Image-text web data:
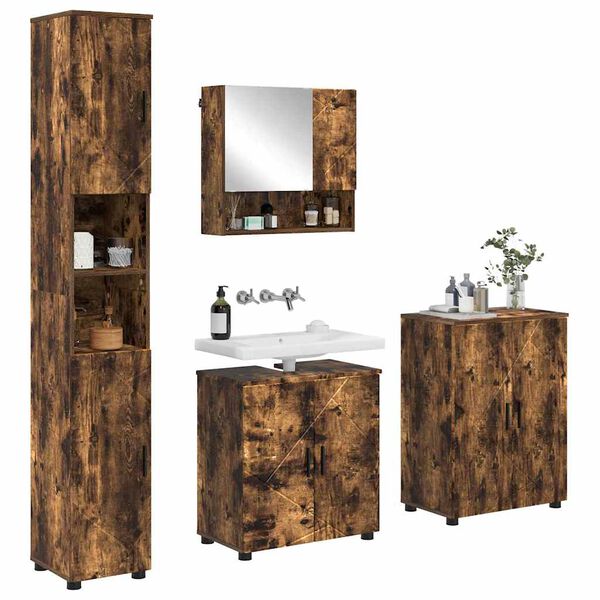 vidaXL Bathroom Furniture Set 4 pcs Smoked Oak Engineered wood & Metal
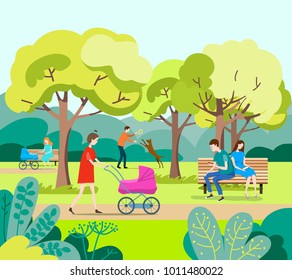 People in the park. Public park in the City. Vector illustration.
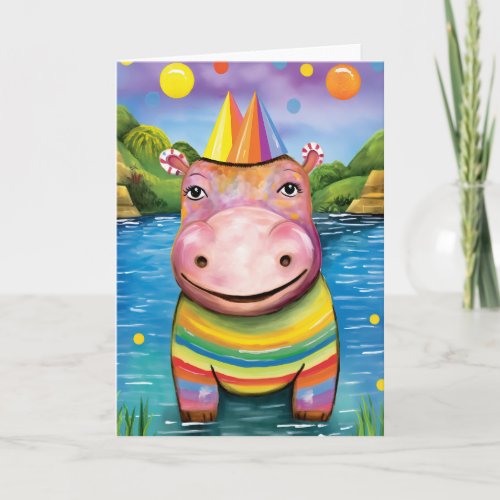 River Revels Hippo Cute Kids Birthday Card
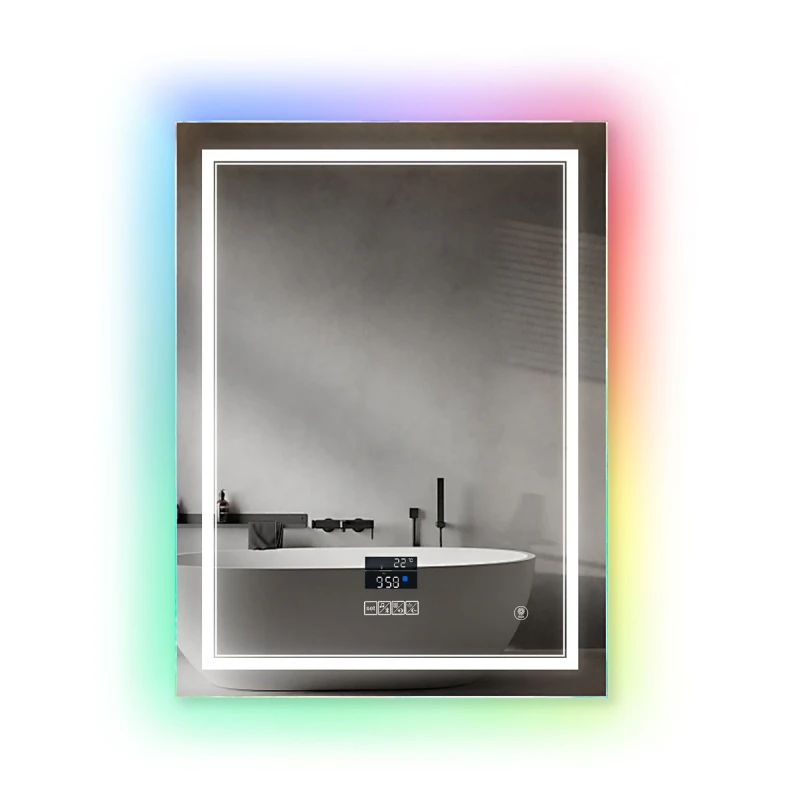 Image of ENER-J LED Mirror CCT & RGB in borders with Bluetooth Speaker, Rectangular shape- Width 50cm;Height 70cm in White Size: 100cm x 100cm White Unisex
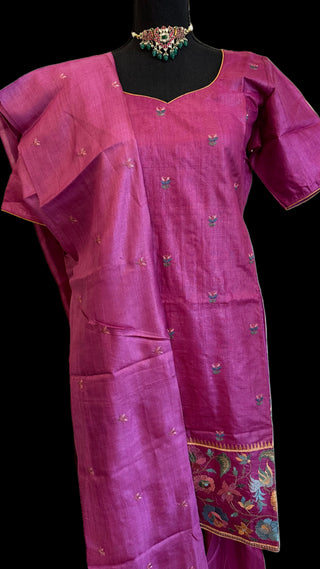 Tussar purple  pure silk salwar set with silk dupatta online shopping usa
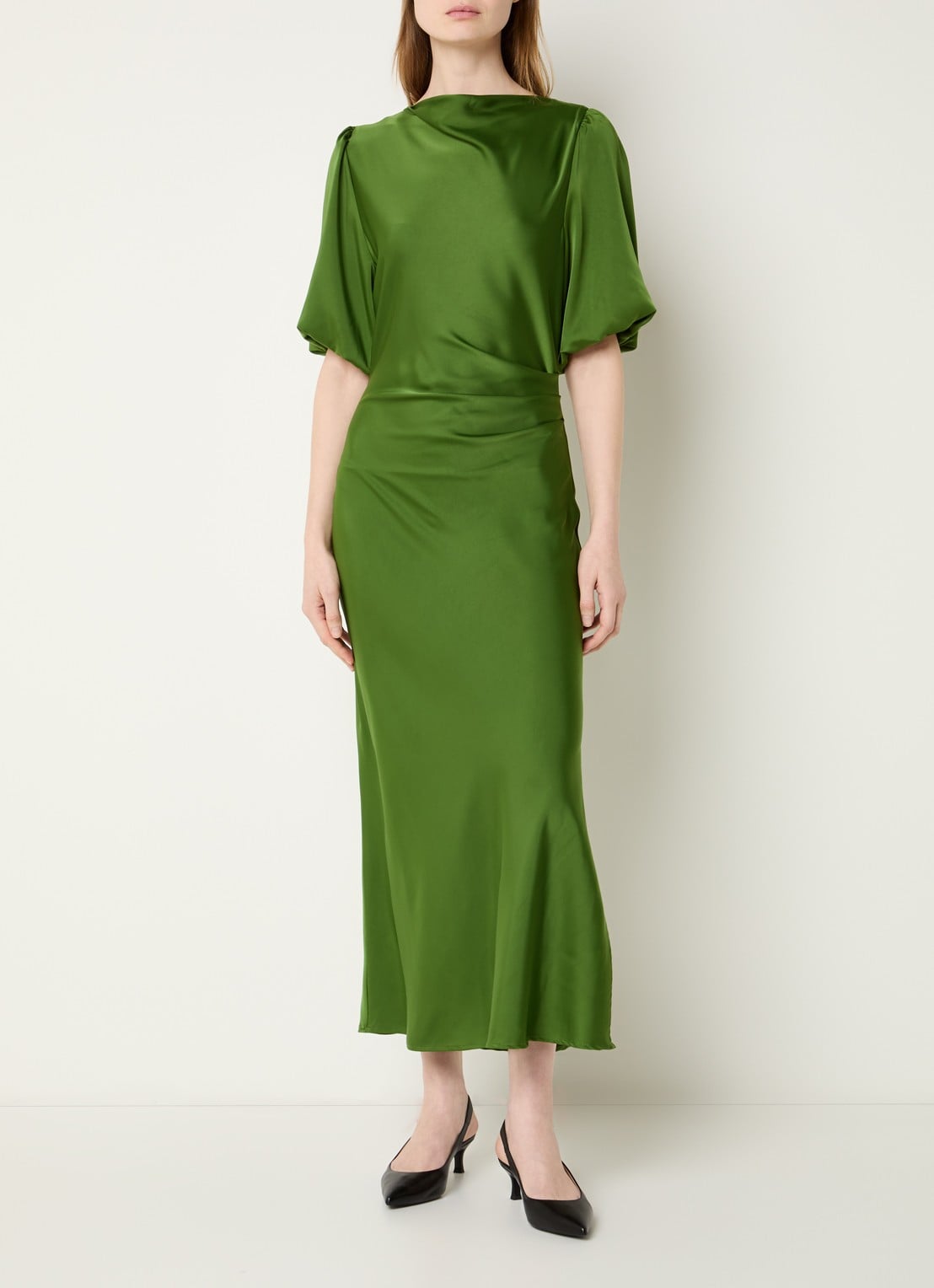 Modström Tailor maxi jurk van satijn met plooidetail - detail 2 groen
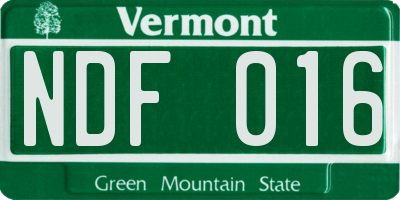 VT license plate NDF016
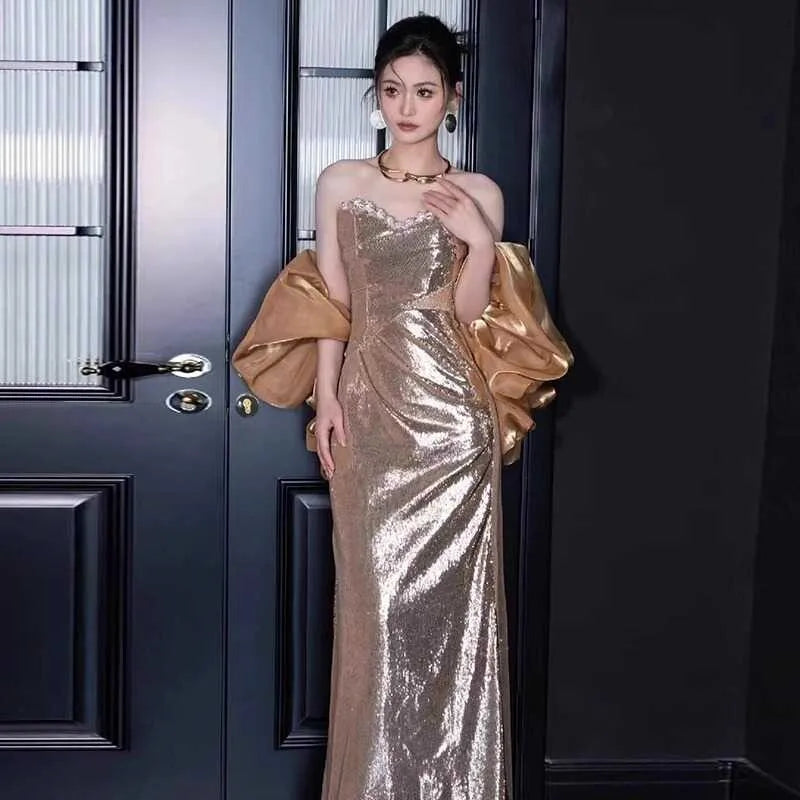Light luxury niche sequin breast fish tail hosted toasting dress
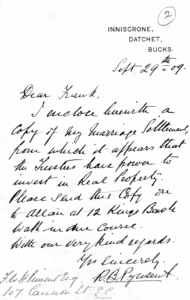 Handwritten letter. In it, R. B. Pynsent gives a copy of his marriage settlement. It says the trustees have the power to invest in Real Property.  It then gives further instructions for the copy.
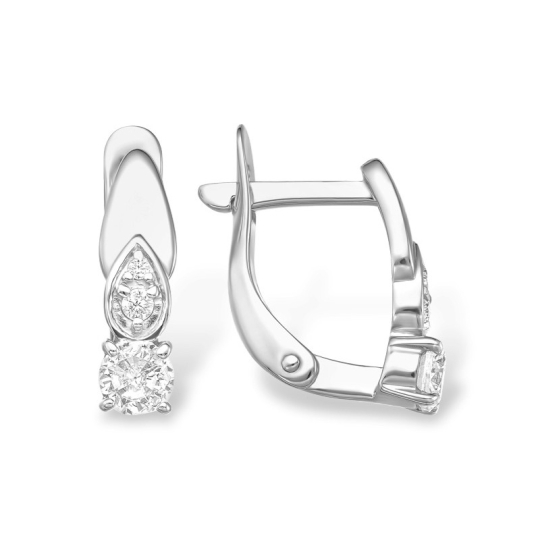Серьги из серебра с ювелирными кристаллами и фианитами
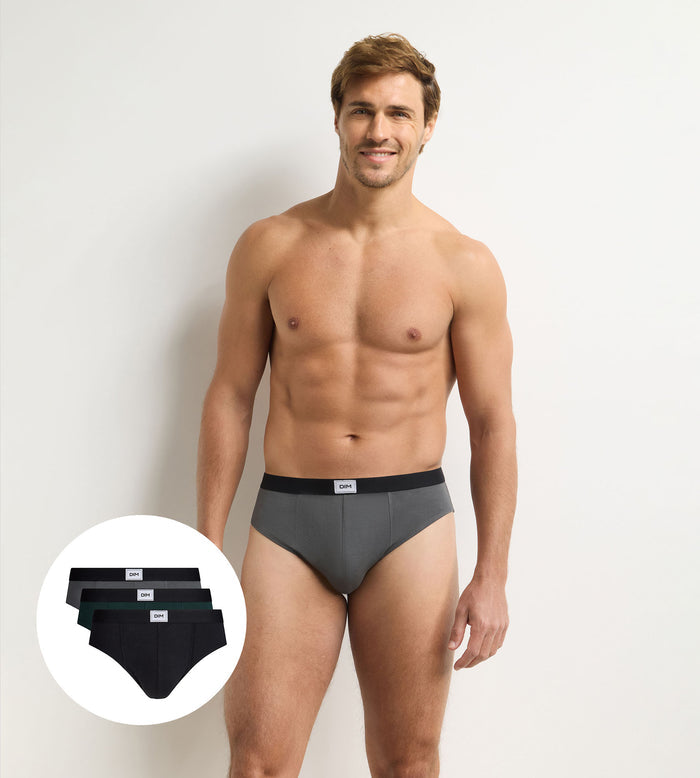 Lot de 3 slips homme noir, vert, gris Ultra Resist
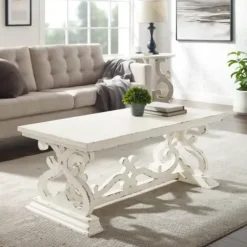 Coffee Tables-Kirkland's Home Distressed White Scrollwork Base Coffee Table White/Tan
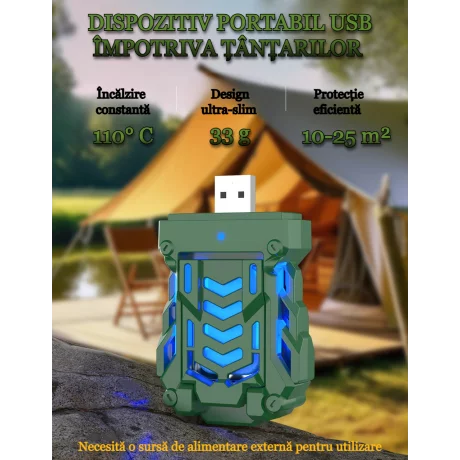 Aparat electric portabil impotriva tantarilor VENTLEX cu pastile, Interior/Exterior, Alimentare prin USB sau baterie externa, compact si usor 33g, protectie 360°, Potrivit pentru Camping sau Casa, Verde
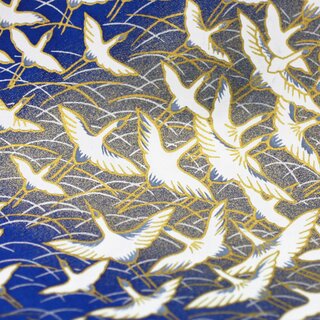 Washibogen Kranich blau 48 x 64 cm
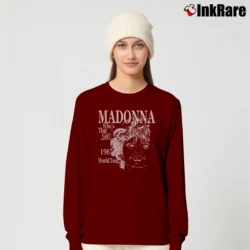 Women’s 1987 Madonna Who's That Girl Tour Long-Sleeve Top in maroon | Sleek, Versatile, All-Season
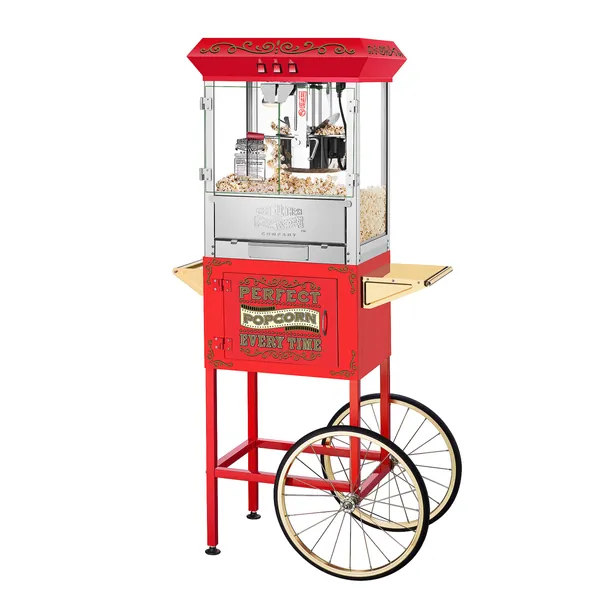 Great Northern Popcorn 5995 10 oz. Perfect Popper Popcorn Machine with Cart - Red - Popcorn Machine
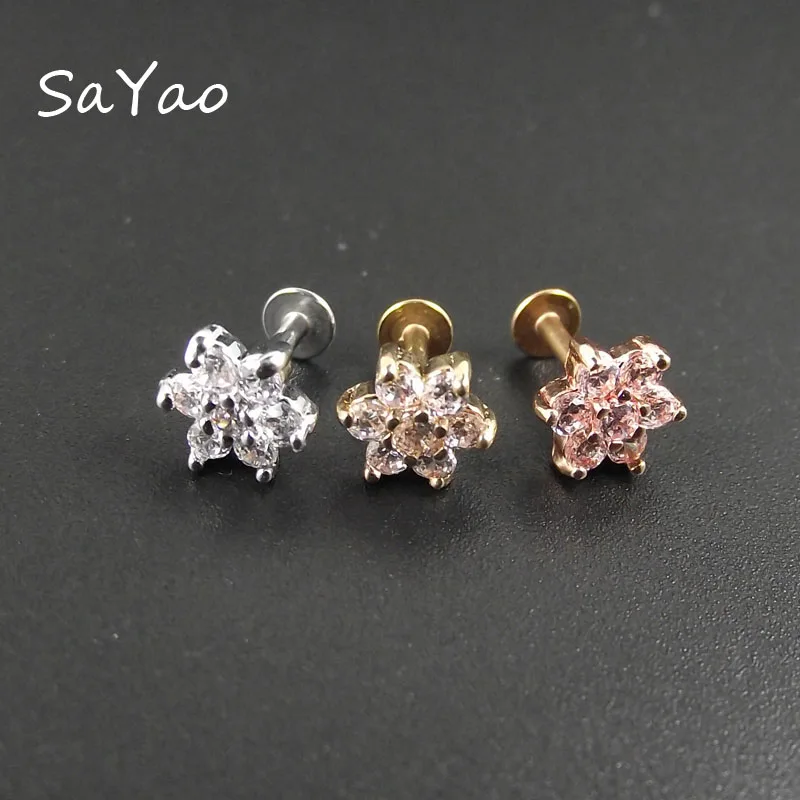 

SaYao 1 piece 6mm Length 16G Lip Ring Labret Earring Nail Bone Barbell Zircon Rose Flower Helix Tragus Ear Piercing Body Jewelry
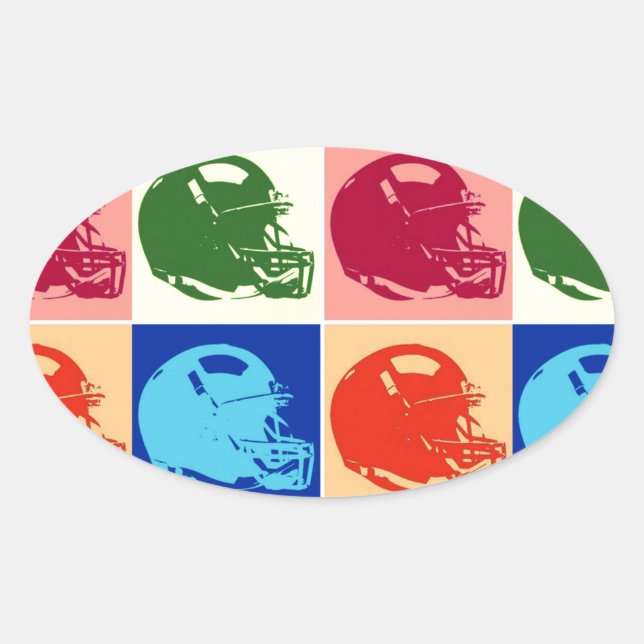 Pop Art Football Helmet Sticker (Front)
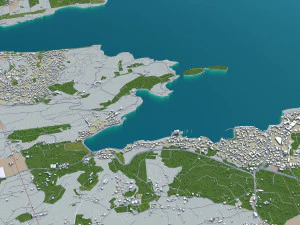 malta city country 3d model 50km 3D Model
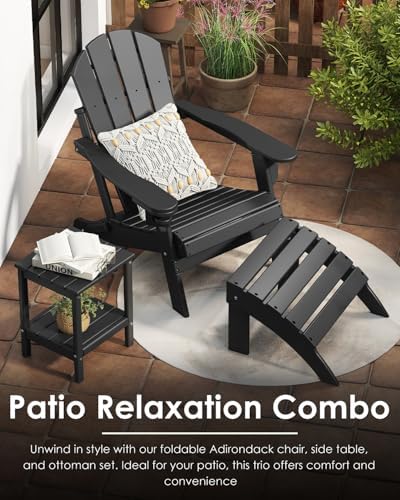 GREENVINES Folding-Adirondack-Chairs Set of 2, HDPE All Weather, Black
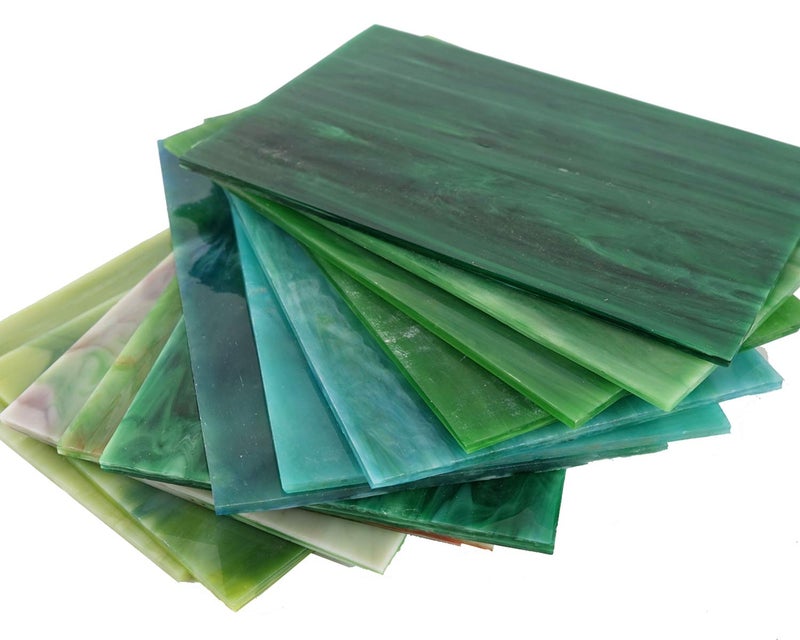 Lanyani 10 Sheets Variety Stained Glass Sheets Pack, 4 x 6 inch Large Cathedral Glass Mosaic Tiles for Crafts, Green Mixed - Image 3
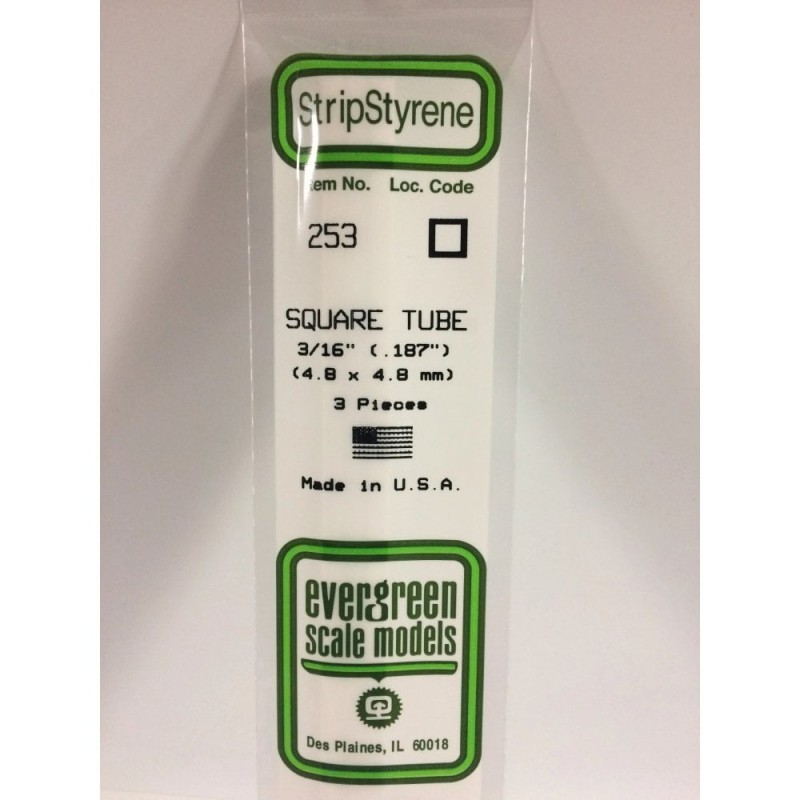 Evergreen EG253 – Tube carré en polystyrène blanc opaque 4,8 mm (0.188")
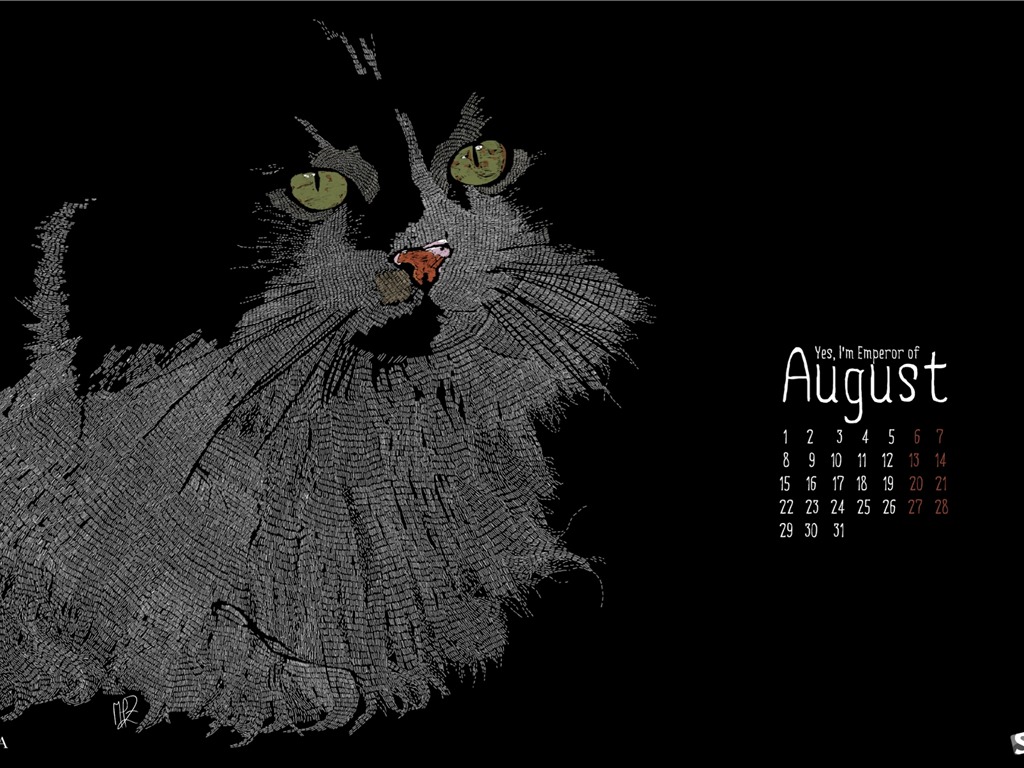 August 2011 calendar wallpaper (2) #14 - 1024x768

ACTIVITY
Each entry must be retyped word for word, with every image omitted.

RESPONSE TO THIS EXERCISE
 vidaXL Bathroom Furniture Set 4 pcs Smoked Oak Engineered wood & Metal
 People in the park. Public park in the City. Vector illustration.
 River Revels Hippo Cute Kids Birthday Card
 Image of ENER-J LED Mirror CCT & RGB in borders with Bluetooth Speaker, Rectangular shape- Width 50cm;Height 70cm in White Size: 100cm x 100cm White Unisex
 Tussar purple  pure silk salwar set with silk dupatta online shopping usa
 Modström Tailor maxi jurk van satijn met plooidetail - detail 2 groen
 VT license plate NDF016
Light luxury niche sequin breast fish tail hosted toasting dress
 Handwritten letter. In it, R. B. Pynsent gives a copy of his marriage settlement. It says the trustees have the power to invest in Real Property.  It then gives further instructions for the copy.
Серьги из серебра с ювелирными кристаллами и фианитами
 Lot de 3 slips homme noir, vert, gris Ultra Resist
 Coffee Tables-Kirkland's Home Distressed White Scrollwork Base Coffee Table White/Tan
 Aparat electric portabil impotriva tantarilor VENTLEX cu pastile, Interior/Exterior, Alimentare prin USB sau baterie externa, compact si usor 33g, protectie 360°, Potrivit pentru Camping sau Casa, Verde
 Washibogen Kranich blau 48 x 64 cm
 Women’s 1987 Madonna Who's That Girl Tour Long-Sleeve Top in maroon | Sleek, Versatile, All-Season
 Great Northern Popcorn 5995 10 oz. Perfect Popper Popcorn Machine with Cart - Red - Popcorn Machine

SaYao 1 piece 6mm Length 16G Lip Ring Labret Earring Nail Bone Barbell Zircon Rose Flower Helix Tragus Ear Piercing Body Jewelry
 Pop Art Football Helmet Sticker (Front)
 malta city country 3d model 50km 3D Model
 GREENVINES Folding-Adirondack-Chairs Set of 2, HDPE All Weather, Black
 Lanyani 10 Sheets Variety Stained Glass Sheets Pack, 4 x 6 inch Large Cathedral Glass Mosaic Tiles for Crafts, Green Mixed - Image 3
 Evergreen EG253 – Tube carré en polystyrène blanc opaque 4,8 mm (0.188")
 August 2011 calendar wallpaper (2) #14 - 1024x768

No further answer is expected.